- **Requirement**: Below this line are records; transcribe exactly the lines between the one holding "2017 Lincoln MKC Premiere photo 11" and the one holding "Cover - Die Drei ??? Kids", inclusive, and omit the pictures.

- **Extracted material**:

------------------------------------------------------------

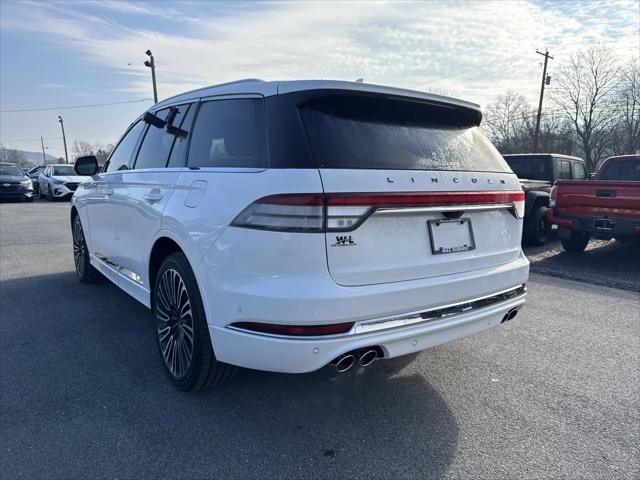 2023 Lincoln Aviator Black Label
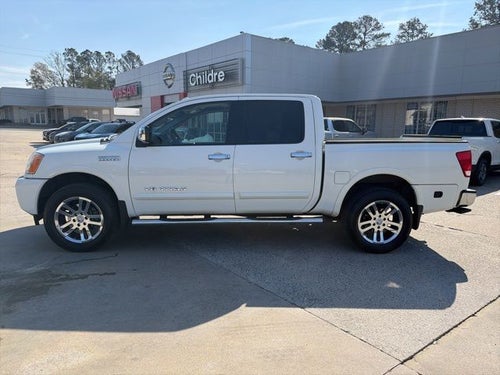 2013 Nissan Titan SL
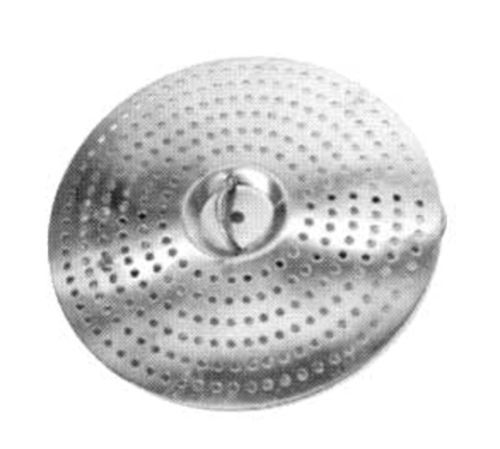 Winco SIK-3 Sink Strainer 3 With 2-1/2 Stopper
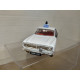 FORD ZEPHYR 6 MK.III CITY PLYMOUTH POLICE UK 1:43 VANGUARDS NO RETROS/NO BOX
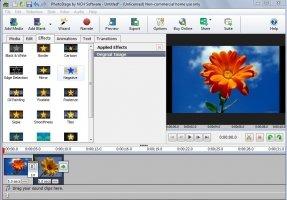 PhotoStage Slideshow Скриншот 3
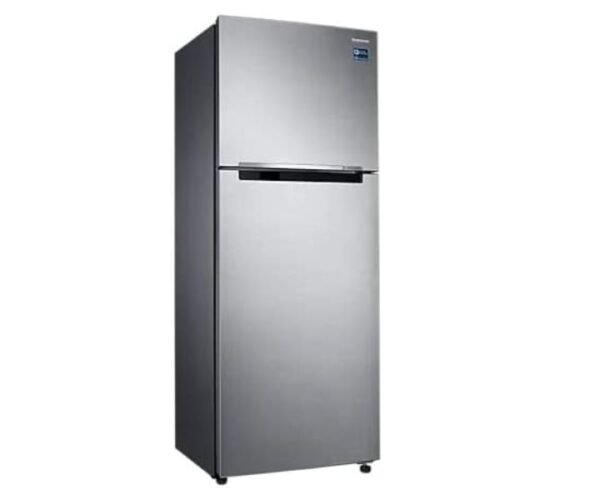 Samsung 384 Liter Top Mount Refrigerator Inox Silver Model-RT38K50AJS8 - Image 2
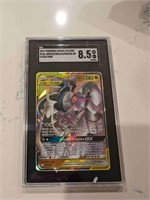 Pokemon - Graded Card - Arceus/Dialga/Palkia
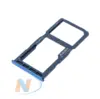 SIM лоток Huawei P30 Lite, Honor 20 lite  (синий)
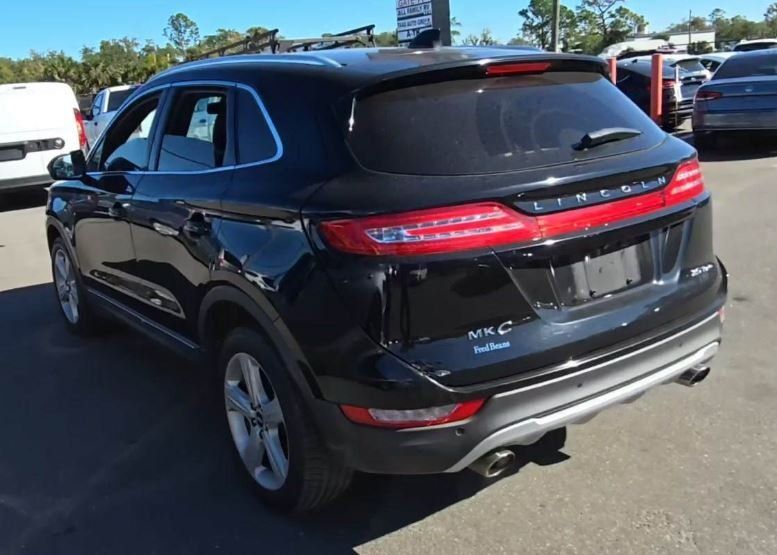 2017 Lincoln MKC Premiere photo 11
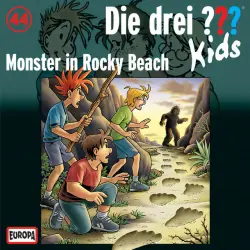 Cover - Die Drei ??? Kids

------------------------------------------------------------

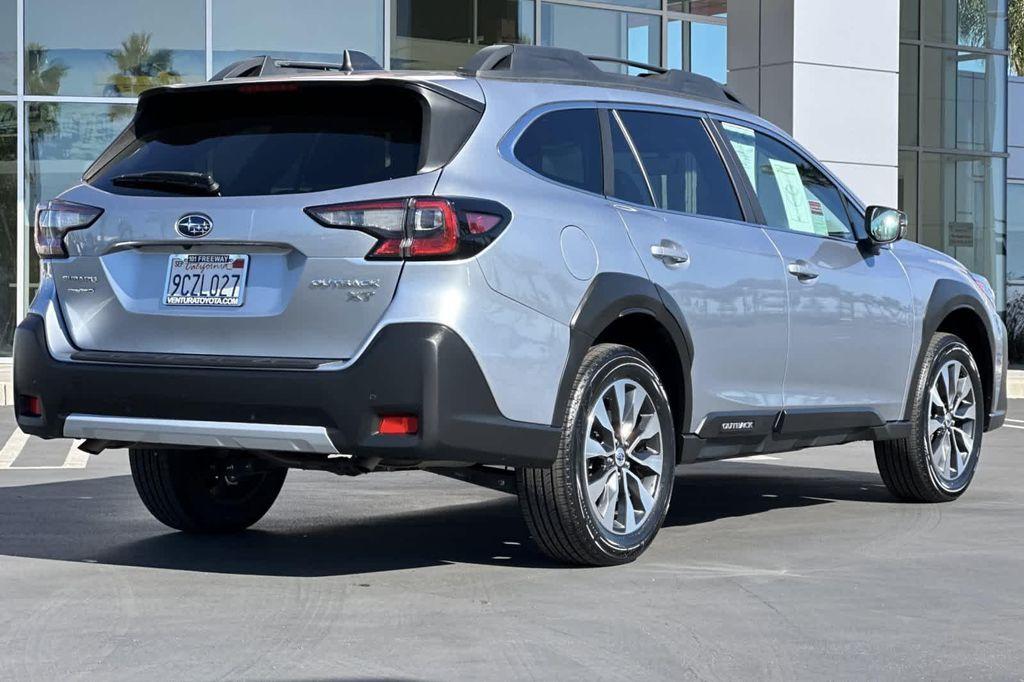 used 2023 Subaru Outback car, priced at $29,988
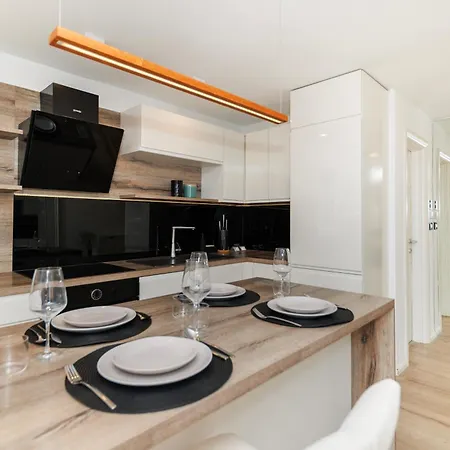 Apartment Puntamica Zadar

------------------------------------------------------------

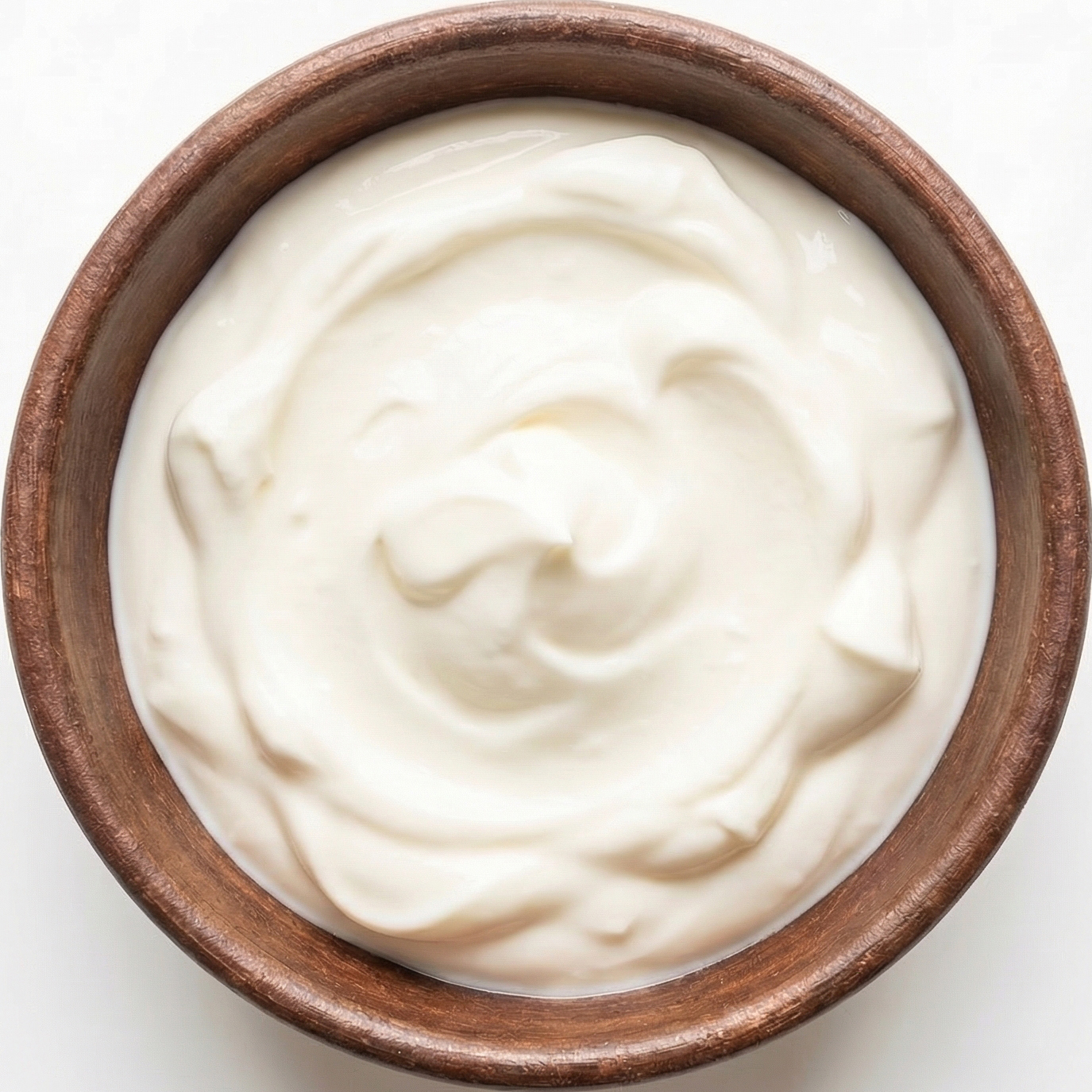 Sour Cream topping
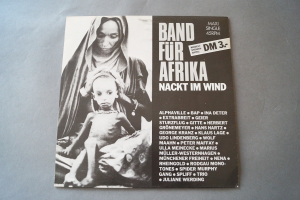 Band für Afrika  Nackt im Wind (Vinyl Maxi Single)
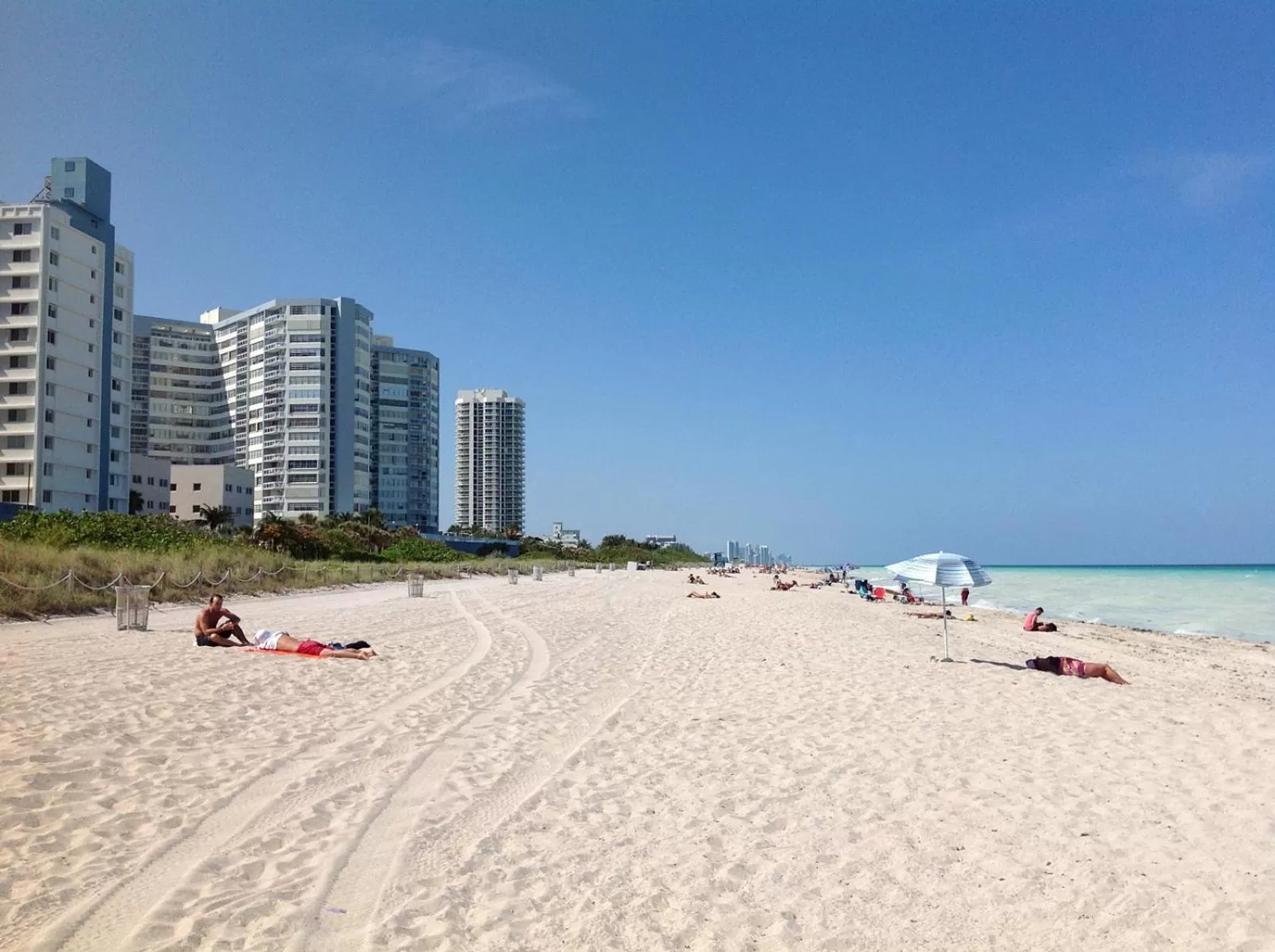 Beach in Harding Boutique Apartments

------------------------------------------------------------

- **Result of this task**:
 2017 Lincoln MKC Premiere photo 11
 Cover - Die Drei ??? Kids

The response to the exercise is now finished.